R-lecture-MAP01 | Bay Area Demographic

Dataframe used on this page: San Francisco 2021.RData

Displaying univariate information with maps

Maps are excellent ways to display information. They are one of the few tools that work well at both communicating with general audiences and giving experienced social analysts new insights.

For example, above is a map of the five county San Francisco Bay area with tracts color coded by median household income. A map like this, with sub-areas (tracts) colored according to some other variable (median household income), is called a choropleth map. Areas with higher incomes are redder; those with lower incomes are more yellow. It's easy for anyone to look for dark red or pale yellow areas and why they are particularly rich or poor. For someone who knows the area, the map is rich because it layers onto information they already have in their heads, like the differences between the hills and the flats in the East Bay. A knowledgeable analyst can use maps to discern how things like income are spread unevenly by race, migration recency, neighborhood turnover, etc. and explore those connections more rigorously.

One major downside of choropleth maps that use Census tracts is that they tend to mislead people about the distribution of things like income. The big tracts on the perimeter of the map sort of lead us to think that median incomes around $70,000 or so are most common. But remember, those tiny little tracts in the middle of San Francisco contain about the same number of people as the massive tracts. There are actually quite a few tiny tracts that are deep red, but this wealth doesn't pop out because it is located in densely populated areas.

Making this map

Making a map in R using data from the Census Bureau is easy largely thanks to people who have written R packages automating a lot of tedious work. In order to get the scripts below to work, you will need to install these packages:

install.packages("tidycensus")

install.packages("tidyverse")

install.packages("tigris")

install.packages("ggplot2")

install.packages("RColorBrewer")

Once you have these package installed, you can use this script or copy and paste it from the text below to produce a simple choropleth map of median household income in a tract, followed by a second map showing the percent of tract residents who identify as Latinx.

##necessary packages
library(tidycensus)
options(tigris_use_cache = TRUE)
library(tidyverse)
library(tigris)
library(ggplot2)
library(RColorBrewer)

##map of median household income in tract
ggplot(data = med_inc,aes(fill = median_income)) +
geom_sf() +
scale_fill_distiller(palette = "YlOrRd",
direction = 1,
name = 'Dollars') +
labs(title = "Median household income, 2021",
caption = "Data source: 2021 5-year ACS, US Census Bureau") +
theme_void()
ggsave("map_median_income_2021.png",dpi=800)

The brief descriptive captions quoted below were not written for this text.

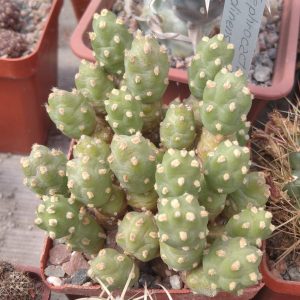 Tephrocactus mollinensis f. minimus -пагони-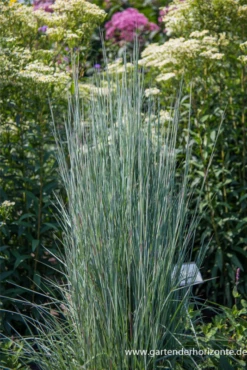 Blaugraues Präriegras „Blue Heaven“®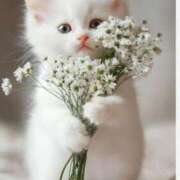 ヒメ日記 2025/09/09 11:30 投稿 まりか 素人妻達☆マイふぇらレディー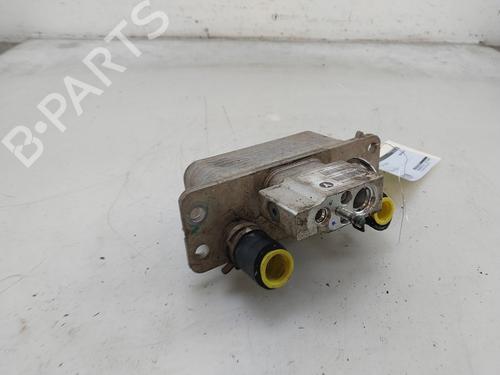 AC radiator TESLA MODEL S (5YJS) 85 | BP28096316M32 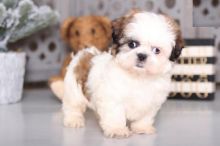 Shih Tzu Puppies For Re-homing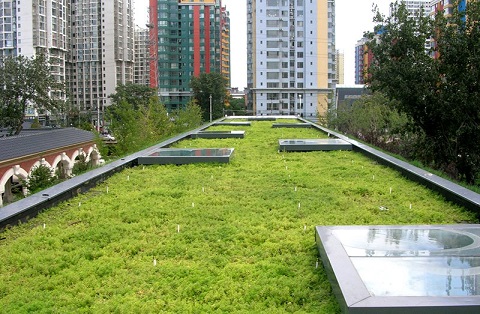 La importancia de los techos verdes para el desarrollo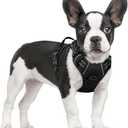 rabbitgoo Dog Harness No Pull with 2 Leash Clips, Adjustable Soft Padded, Reflective Oxford No Choke Pet Vest with Easy Control Handle for Small Dogs, Black, S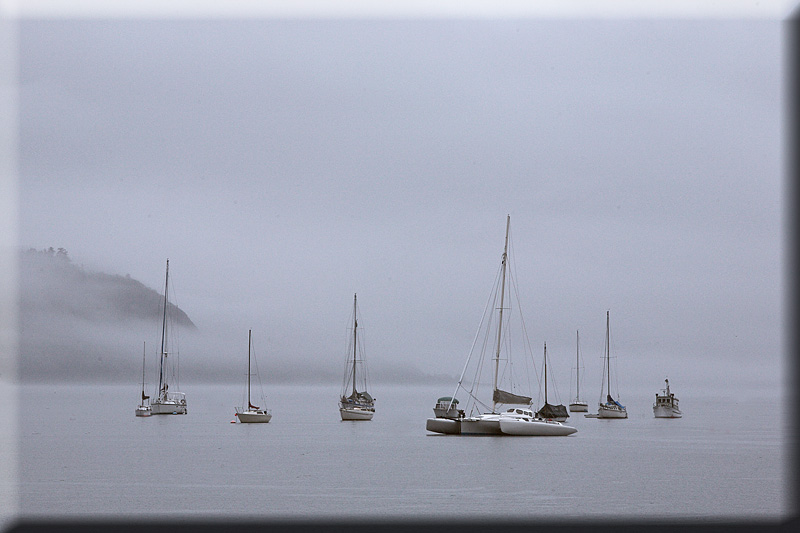 Foggy Morning in Cowichan Bay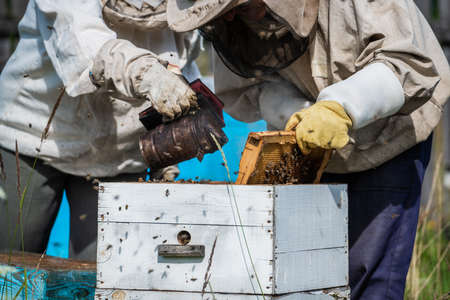 Close-up of beekeeper smoking a beehive honeycomb with fumigating smoke to place the frames....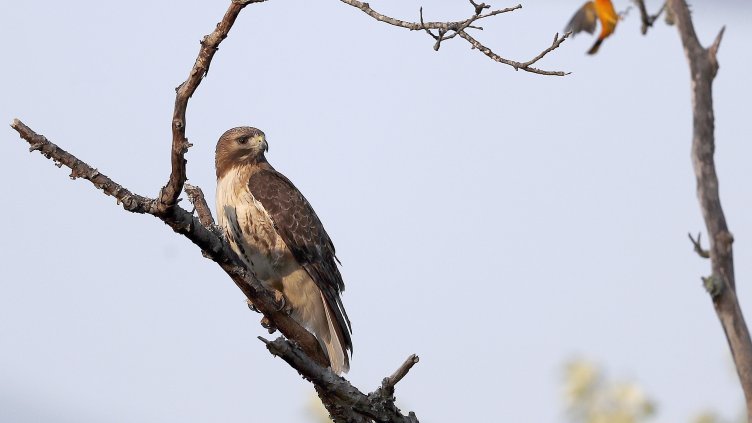 Снимка: архив, БГНЕС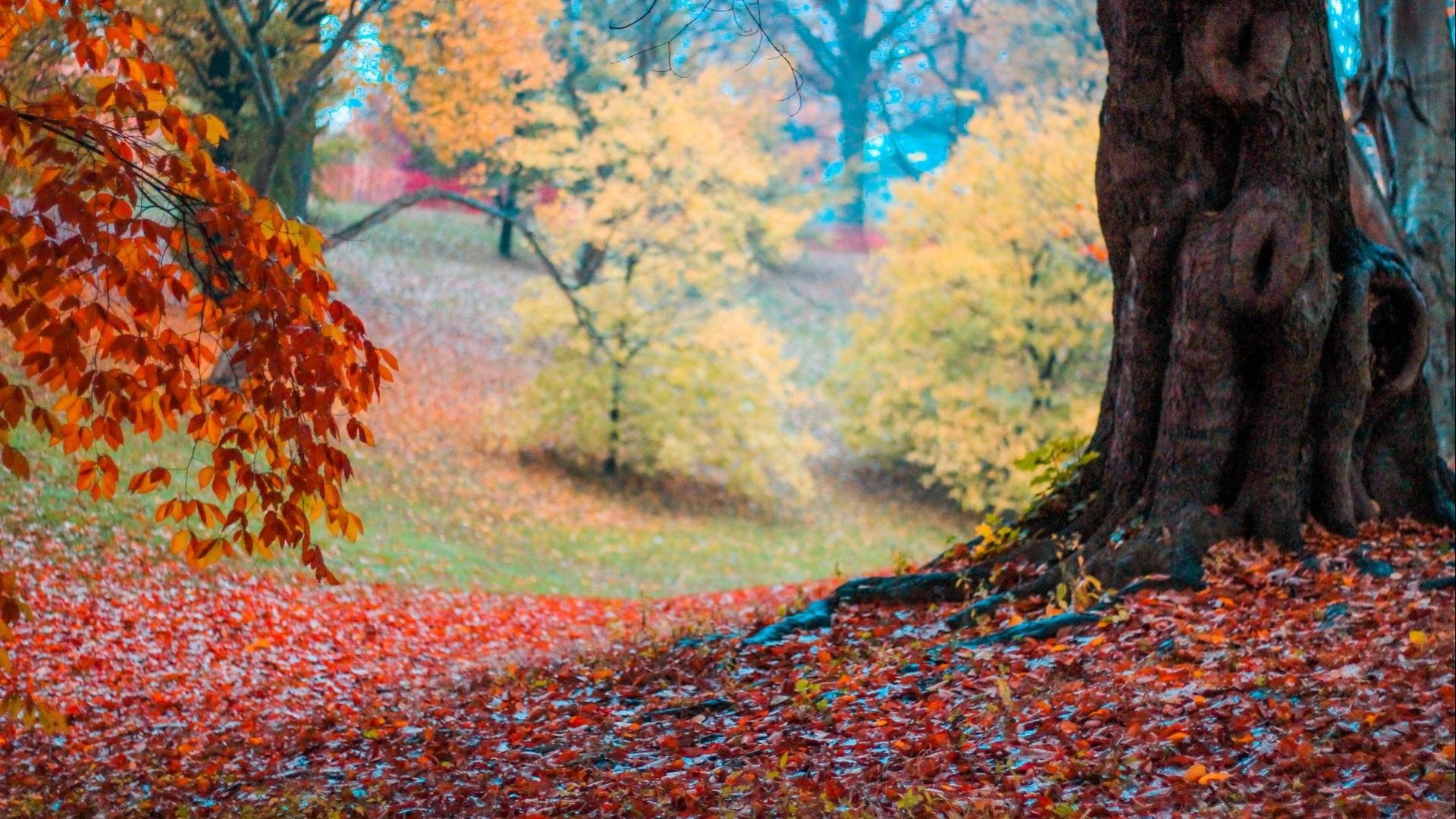 autumn, Fall, Landscape, Nature, Tree, Forest, Leaf, Leaves Wallpaper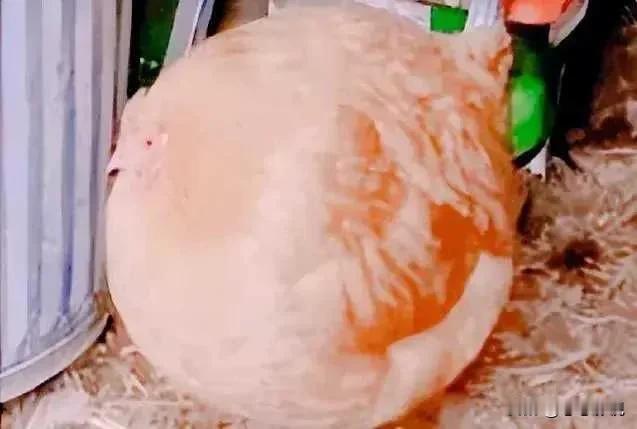 鸡:你个老6 把我画成这个狗样子，呸#网友们画的小鸡#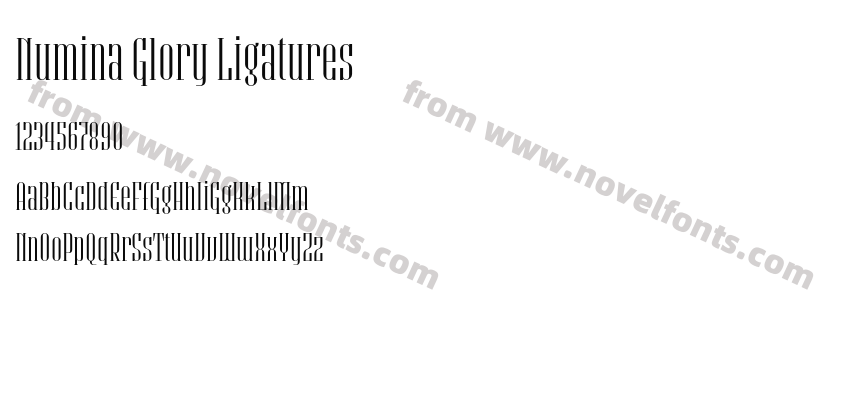 Numina Glory LigaturesPreview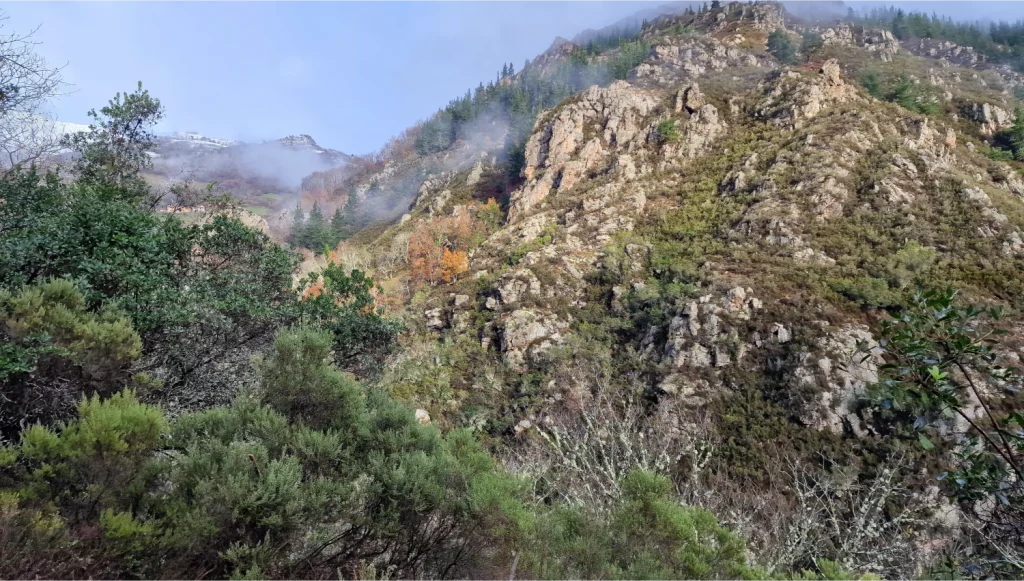 Camino-Medieval-Bandujo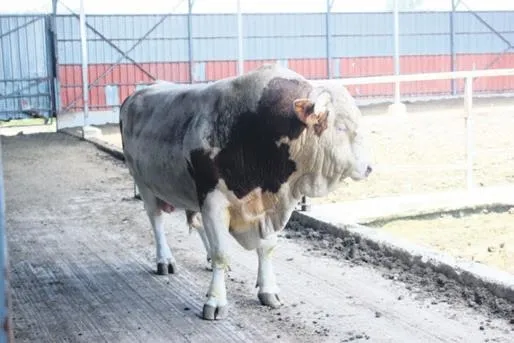 savasi-kazandi-kansere-yakalanan-anne-bebeginin-gucuyle-hayata-sarildi-1686344455440.jpeg Savaşı kazandı! Kansere yakalanan anne bebeğinin gücüyle hayata sarıldı...-3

##map of percent of tract residents who identify as Latinx
ggplot(data = ethnoracial, aes(fill = pct_latinx)) +
geom_sf() +
scale_fill_distiller(palette = "PuBuGn",
direction = 1,
name = 'Pct.') +
labs(title = "Percent of tract residents Latinx, 2021",
caption = "Data source: 2021 5-year ACS, US Census Bureau") +
theme_void()
ggsave("map_pct_latinx_2021.png",dpi=800)

The first few lines above just load necessary packages. The command ggplot is a general plotting command from the ggplot2 package which is included as part of the tidyverse package (all of this is authored by Hadley Wickham, one of the great contributors to the collective project we call R).

The first part of ggplot just specifies the dataframe to be used ("med_inc") and the variable ("median_income") that will be used to fill in each Census tract with some color. The + at the end of the ggplot line tells R that there are subcommands coming. The geom_sf() part of the code is a subcommand that tells R we want to draw map shapes (had we used geom_bar, it would mean we want to draw bars in a bar chart; if we had used geom_histogram, it would mean we want to draw bars in a histogram; etc.).

The scale_fill_distiller subcommand gives R information about how we want our fill colors to act. The bit that says palette = "YlOrRd", specifies that we want to use a yellow-orange-red set of colors that the package RColorBrewer has predefined (that's why we had to load that package). The direction = 1 subcommand tells R to use the yellow end of the spectrum for low median incomes and the red end of the spectrum for high median incomes. If we wanted to go in the reverse order, we would have typed in direction = -1. And last, the name = "Dollars" subcommand just puts that label on our legend.

The labs subcommand puts a title on our map and a caption citing the source of our data. Even when you are just churning out maps to look at quickly for analysis, you should put on labels since they are virtually meaningless unless you know what you are looking at.

The final subcommand, theme_void(), gets rid of X and Y axes and gridlines that would be there otherwise. You can see what I'm talking about by changing this to theme_classic() or theme_test() or any of the other predefined themes.